Absolutely Optimal

Program optimization is strange.

We naturally want our programs to run as quickly and efficiently as possible, but in some sense I have no idea what that actually means. Or, rather, I have no idea what “computation” actually entails.

The problem of optimization is at its simplest when you have a finite number of inputs to the program, and every input results in termination. In this case everything at runtime can be done in a constant amount of time. All runtime computation boils down to a bland lookup table (arguably you may be able to compute some values faster than you might look them up, but we’ll ignore such details).

This result is incredibly anticlimactic. It just means that all of the fanciful computation is pushed back to compile time. It doesn’t actually go away! Now instead of calculating what you need at runtime you calculate EVERYTHING at compile time. Perhaps this is fine. If you have a program that is compiled once, and then executed every nanosecond of every day on millions of computers then this may well be the best option, even for programs with relatively large state spaces.

Of course, that’s not always the case, and the problem seems most interesting at its core: compile time + execution time for a single instance of a given program. This is how much time it actually takes to compute your results, after all!

Yet this is more confusing still, because then what constitutes a program? Surely a programmer can just decide to write the entire damn thing as a lookup table, and then the compiler doesn’t have to do much work at all! But then it’s the programmer that’s doing the “real” computation. It seems we can just keep pushing the computation back into different layers, and it’s all horrendously meta!

Just what the hell are we doing? How do we describe a computation without doing computation? It seems so intimately linked, and I’m not sure that there is a way to distinguish between the two entirely. I think this is an important question.

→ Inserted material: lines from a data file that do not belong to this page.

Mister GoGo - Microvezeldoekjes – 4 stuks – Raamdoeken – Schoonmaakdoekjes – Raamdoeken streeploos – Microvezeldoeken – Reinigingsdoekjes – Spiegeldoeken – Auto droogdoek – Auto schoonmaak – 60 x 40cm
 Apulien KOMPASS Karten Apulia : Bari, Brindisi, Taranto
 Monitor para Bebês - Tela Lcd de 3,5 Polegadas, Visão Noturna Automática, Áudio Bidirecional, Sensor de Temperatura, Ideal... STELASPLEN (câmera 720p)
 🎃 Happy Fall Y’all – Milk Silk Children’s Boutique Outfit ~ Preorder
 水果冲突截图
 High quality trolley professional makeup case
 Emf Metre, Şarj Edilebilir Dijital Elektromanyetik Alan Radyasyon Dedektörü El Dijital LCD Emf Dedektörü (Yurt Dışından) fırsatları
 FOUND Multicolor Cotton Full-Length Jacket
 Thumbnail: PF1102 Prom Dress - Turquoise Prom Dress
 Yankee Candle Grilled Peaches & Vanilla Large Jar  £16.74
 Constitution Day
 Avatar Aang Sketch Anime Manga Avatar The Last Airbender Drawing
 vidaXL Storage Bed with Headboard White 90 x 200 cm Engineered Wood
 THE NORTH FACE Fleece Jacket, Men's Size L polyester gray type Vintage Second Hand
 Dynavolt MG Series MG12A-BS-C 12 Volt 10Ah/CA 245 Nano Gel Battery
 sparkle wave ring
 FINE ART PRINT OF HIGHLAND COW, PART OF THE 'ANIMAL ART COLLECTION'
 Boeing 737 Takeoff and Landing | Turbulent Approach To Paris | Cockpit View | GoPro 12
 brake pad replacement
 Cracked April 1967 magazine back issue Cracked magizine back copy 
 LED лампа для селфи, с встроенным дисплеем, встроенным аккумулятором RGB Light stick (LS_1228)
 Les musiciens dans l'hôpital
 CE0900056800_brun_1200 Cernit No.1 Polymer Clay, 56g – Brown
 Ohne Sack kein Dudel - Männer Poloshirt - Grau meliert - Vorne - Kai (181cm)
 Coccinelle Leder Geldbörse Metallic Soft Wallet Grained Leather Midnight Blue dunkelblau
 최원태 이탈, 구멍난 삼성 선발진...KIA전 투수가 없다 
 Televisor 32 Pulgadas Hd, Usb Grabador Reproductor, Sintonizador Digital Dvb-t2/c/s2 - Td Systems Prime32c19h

So, what can we do? The one thing that comes to mind is that we might choose to describe algorithms with as little state as possible. The idea is simply that by minimizing the amount of information needed to describe an algorithm, we can limit the amount of a priori computation that is done. This can allow us to measure computation time much more reasonably, since we have a common starting point for every algorithm (although, I would wager that the minimal state algorithm description is actually not unique).

For instance consider the Fibonacci numbers. We might describe the algorithm for computing them something like:

\[F_n = \begin{cases} 0 & n = 0 \\ 1 & n = 1 \\ F_{n-1} + F_{n-2} & \text{otherwise} \end{cases}\]

Which has two integers worth of predetermined state. But some crafty programmer who wanted to shave a little bit of effort off of the compiler / running program might describe the algorithm as such:

\[F_n = \begin{cases} 0 & n = 0 \\ 1 & n = 1 \\ 1 & n = 2 \\ F_{n-1} + F_{n-2} & \text{otherwise} \end{cases}\]

Gasp! Now no computation aside from a lookup needs to be done for \(F_2\), since it was sneakily done beforehand. Now we have no idea how long this actually takes to compute! Of course, now this has more a priori state, which means it’s not in the “minimal” format.

Perhaps we could try to transform this into some kind of stateless representation, eliminating precomputation all together. Say we replace \(F_0\) with \(a\) and \(F_1\) with \(b\). That surely fixes things for us, right?

\[F_n(a,b) = \begin{cases} a & n = 0 \\ b & n = 1 \\ F_{n-1}(a,b) + F_{n-2}(a,b) & \text{otherwise} \end{cases}\]

So \(a\) and \(b\) are given at runtime and the program is not allowed to guess at what these values might be ahead of time. It can’t say, “oh, I’ll just precompute the first 100 values for when \(a = 0\) and \(b = 1\)”. This is forbidden! Now those crafty programmers can’t do any additional optimization!

But I’m not sure that this actually saves us.

\[F_n(a,b) = \begin{cases} a & n = 0 \\ b & n = 1 \\ a + b & n = 2 \\ a + 2 b & n = 3 \\ 2 a + 3 b & n = 4 \\ F_{n-1}(a,b) + F_{n-2}(a,b) & \text{otherwise} \end{cases}\]

We can still precompute and optimize the actual computation that’s going on. So we have to consider these cases for each \(n\) as part of the state in the algorithm description. Thus this actually takes more predetermined information. Again we may continue to make this program faster and faster by doing some of these steps beforehand ad infinitum, but this still seems like cheating to me. This is just sweeping computation under the carpet again. This is -funroll-loops to the extreme, and I find this unsatisfactory!

It feels like we’re missing a layer of abstraction here. Something is missing, and I’m not sure exactly what it is.